▸ **Requirement**:
Copy out exactly every line from the line containing "Leopard Round Neck" until the records below end, inclusive of both boundary lines.
::::::
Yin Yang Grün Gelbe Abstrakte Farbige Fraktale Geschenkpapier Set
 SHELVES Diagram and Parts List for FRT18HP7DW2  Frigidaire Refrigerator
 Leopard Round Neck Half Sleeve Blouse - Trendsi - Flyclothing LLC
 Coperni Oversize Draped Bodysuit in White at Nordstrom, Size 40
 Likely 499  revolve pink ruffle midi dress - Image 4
::::::
▸ **Task answer**:
 Leopard Round Neck Half Sleeve Blouse - Trendsi - Flyclothing LLC
 Coperni Oversize Draped Bodysuit in White at Nordstrom, Size 40
 Likely 499  revolve pink ruffle midi dress - Image 4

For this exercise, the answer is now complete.